Keith Colwell says he believes the fisheries sector will support the levy because all involved understand that marketing and lobster quality has to be improved.
The levy, proposed in a 2013 report, would see fishermen and the onshore side of the industry, such as buyers and processors, each pay one cent per pound of lobster caught to cover the cost of advertising campaigns and other promotional initiatives.
The proposal has been a sore point on Nova Scotia's southwest shore, where Colwell says lobster buyers and many fishermen are opposed. Winning over the area's fishery is key because it accounts for 40 per cent of the country's total catch.

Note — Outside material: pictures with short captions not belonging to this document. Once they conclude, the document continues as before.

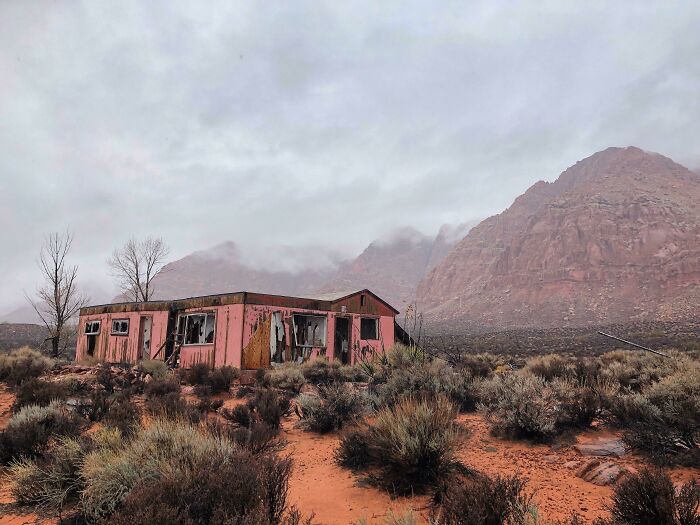 Abandoned House In The Desert Of Utah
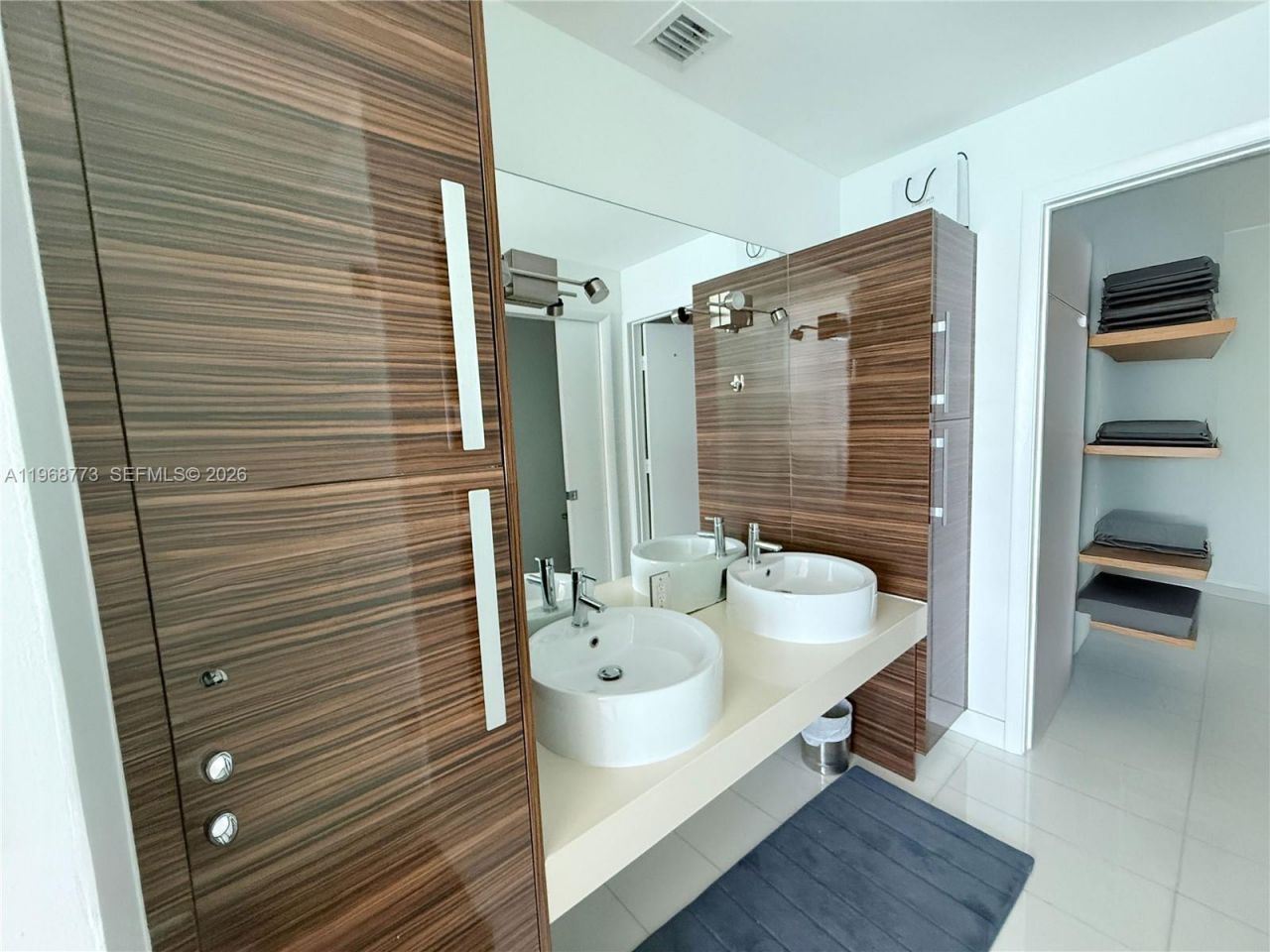 2020 N Bayshore Dr, Unit 3102, Miami, FL 33137 Photo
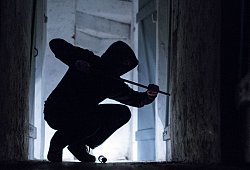 Die Einbrecher flüchteten nach ihrer Tat ohne Beute in unbekannte Richtung. - dpa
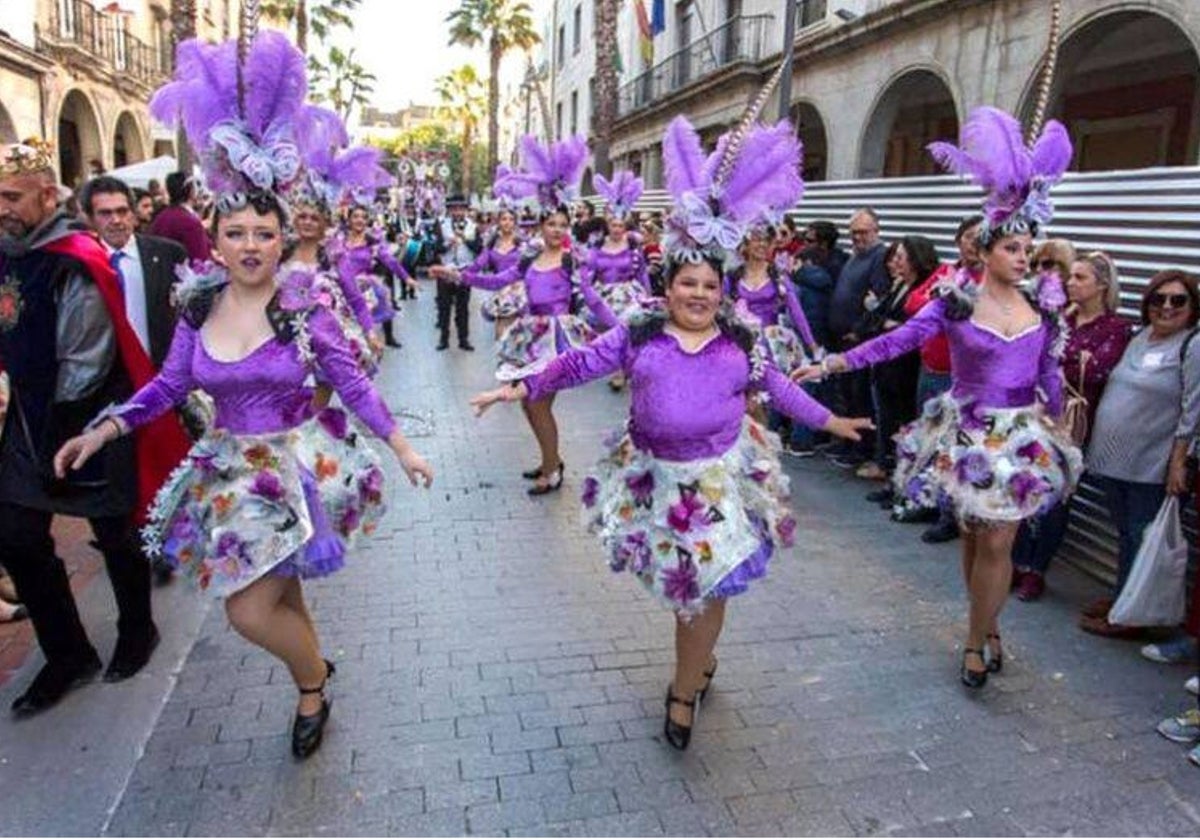 Sábado de carnaval de calle en el mes de febrero en Huelva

"We've talked to the buyers before in the area," said Colwell. "They're not opposed to paying but they don't like the one cent levy and that's one reason why we've gone out to talk to the industry."
One of the suggestions under discussion is a licence fee, which he said buyers would agree to under certain conditions. Colwell didn't elaborate, but he added that he's not wedded to the levy.
"We will look into whatever fee structure works," he said.
The minister also noted that much of the industry wants input into how a fee would be collected and ultimately spent.
The majority of the industry would have to agree for the marketing initiative to work, Colwell said.
Consultations are set to wrap up in a couple of weeks.
The levy would be used across the Maritimes. It was proposed in 2013 to help the lobster industry, which at that time was struggling with low prices.